また男子生徒は「体育の実技ばかりで保健の授業やテストを受けたことはありません。やるべきことをやっていなかったとしたら、ちょっとどうかなと思います」と話していました。


専門家「従来から軽視されがち」

「保健体育」の学習指導要領の検討に携わっている東京学芸大学の渡邉正樹教授は「保健は従来から体育に比べて軽視されがちで、学習指導要領どおりに行っていない学校もあるのではないかと指摘されていた。高校では保健と体育が科目として分かれているが、中学校では体育だけ実施しても成績を出せてしまうこともあって未履修が起きるのではないか。

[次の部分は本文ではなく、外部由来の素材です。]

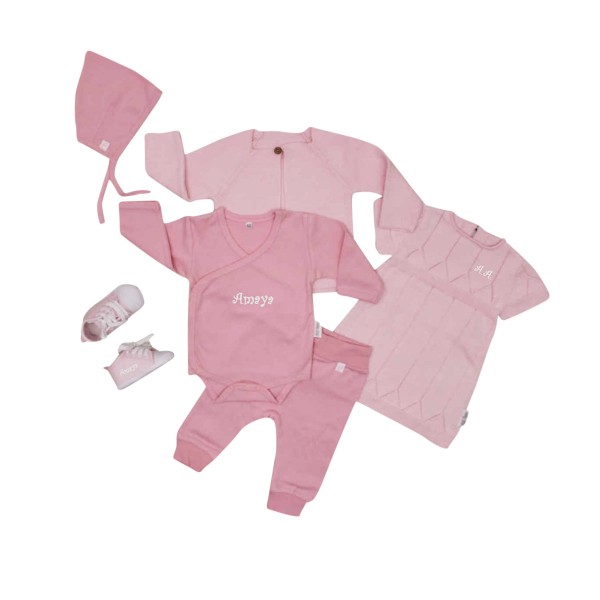 &quot;Complete&quot; knitted set - total outfit with shoes, pink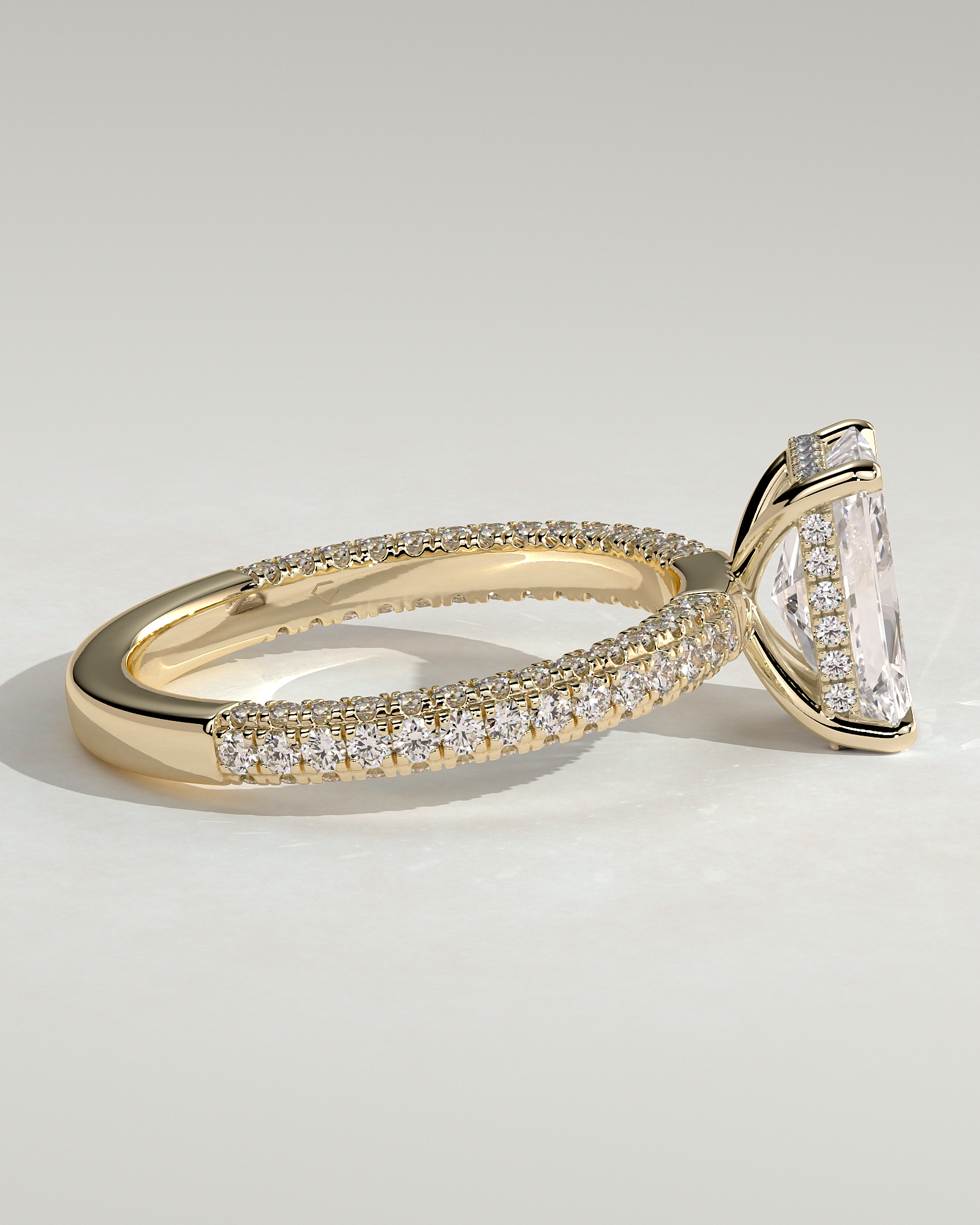Irene - Radiant Solitaire with Hidden Halo and Triple Pave - 18k Yellow Gold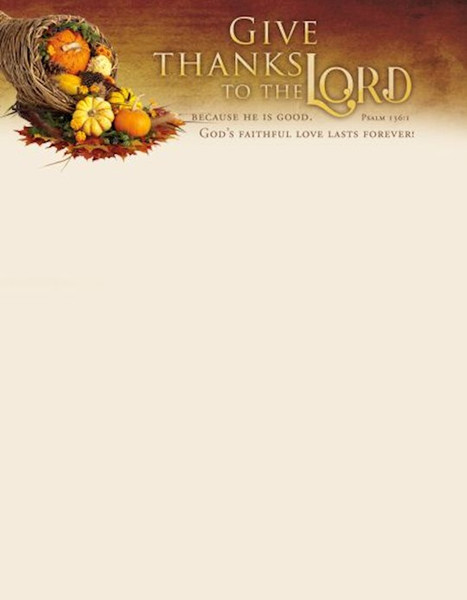 Letterhead-Give Thanks To The Lord/Cornucopia (Psalm 136:1) (Pack Of 100) by Abingdon Press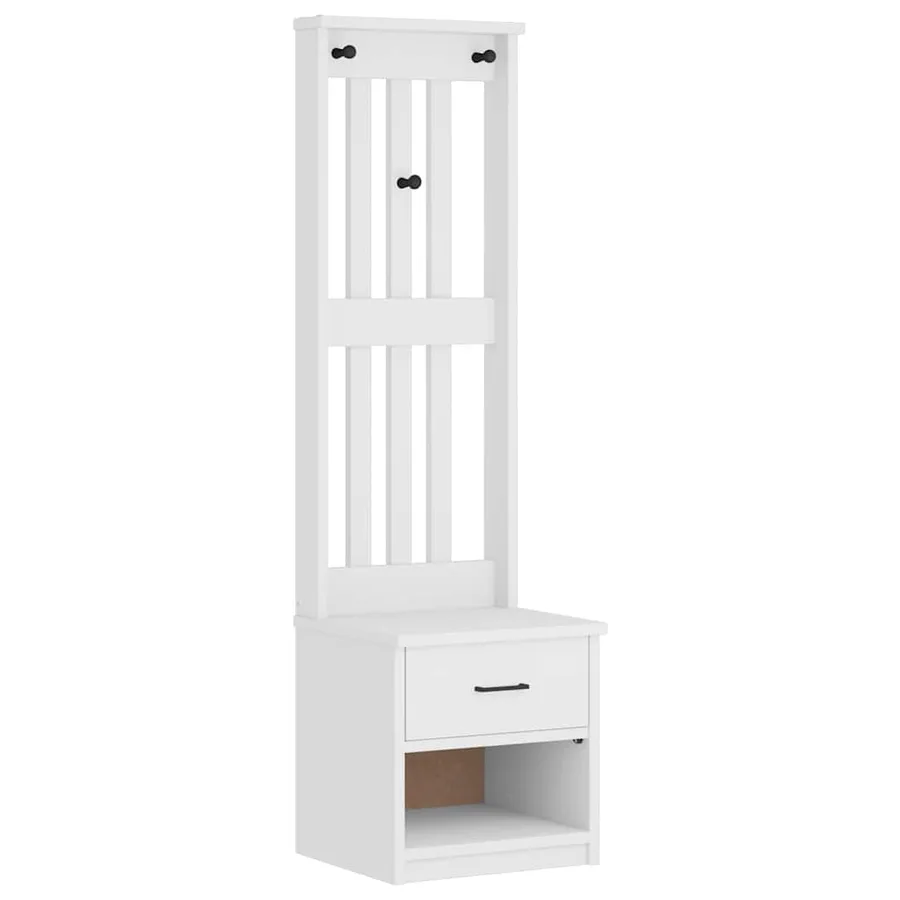 Portemanteau SANDNES blanc 45x40x159,5 cm bois massif pin - 2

保健の授業は子どもたちが人生を豊かに生きる力を養う重要なもので、ほかの学校でも未履修がないか国や教育委員会はしっかりと実態を把握し対策を講じていくべきだ」と話しています。


未履修 ほかの中学や高校でも

学習指導要領で定められている内容の未履修は過去にも高校で明らかになり、大きな問題になりました。
平成18年、富山県などの県立高校で必修科目の「世界史」を教えていなかったことが発覚し、その後、全国各地の高校で「世界史」「日本史」「地理」それに「情報」なども未履修となっているケースがあることが相次いで分かりました。
当時、文部科学省が行った調査では、問題があった高校は全体のおよそ12%に当たる663校に上り、多くの生徒が補習を受ける事態になりました。

中学校についても調査が行われた結果、国公立の中学校で未履修は確認されなかったものの、私立の70校で「書写」の授業を定められた時間どおり行っていなかったほか、「技術家庭」や「音楽」などについても72校で問題が明らかになりました。